There's a lot of unintended perverse outcomes, that's true, but when a CB comes in and announces the change to the interest rate (general term) it's a good idea to figure out if this is specifically impacting the base lending rate (BLR) or overnight policy rate (OPR) etc. The examples and comments above relates to this because a CB leverage really is on the supply-side monetary supply so it's also worth looking at which sectors they're intending to turn the heat down or up. It doesn't actually follow in a straightforward manner that inflation on the consumer price side will follow in tandem or as soon as the announcement (anything that happens quickly in response is emotive and sentiment-driven) because prices are usually baked-in for the quarter at least.
posted by cendawanita at 8:41 AM on September 7, 2022 [3 favorites]

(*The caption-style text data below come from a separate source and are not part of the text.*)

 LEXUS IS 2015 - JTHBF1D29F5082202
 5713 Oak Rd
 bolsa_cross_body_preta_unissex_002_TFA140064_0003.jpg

Also CB and the MOF controls monetary policy but MOF at large along with your equivalent strategic ministries are the ones that dictate the fiscal policy. They should go hand in hand, in basic economics anyway. So fiddling with the tap of the monetary supply doesn't have to result in overall inflation on the consumer end, because that should be addressed through overall fiscal strategy can redirect resources in response to constricted money in the system (welfare, subsidies, quotas, targeted assistance, such like things).
posted by cendawanita at 8:47 AM on September 7, 2022 [2 favorites]


So fiddling with the tap of the monetary supply doesn't have to result in overall inflation on the consumer end, because that should be addressed through overall fiscal strategy can redirect resources in response to constricted money in the system (welfare, subsidies, quotas, targeted assistance, such like things).

Hard agree. My impression is that monetarism and fiscalism are sometimes presented in opposition to each other, just because some proponents of monetarism have historically had some ideological problems with taxes and debt. But my dream policy would also consiste of a combination of both - raise interest rates somewhat, sure, to cut down on stuff like asset price inflation for instance, and soften the blow for the poor through an increase in government spending, through welfare, subsidies, loan forgiveness etc.

It's a policy mix that is very difficult to pull off, though: Increase in government spending is politically hard to implement in times of inflation, because it also increases inflation. Unless its funded by an increase in taxes (also very difficult to implement politically), it will also increase budget deficts and debts. National debt however becomes a much more serious concern, once interest rates are rising.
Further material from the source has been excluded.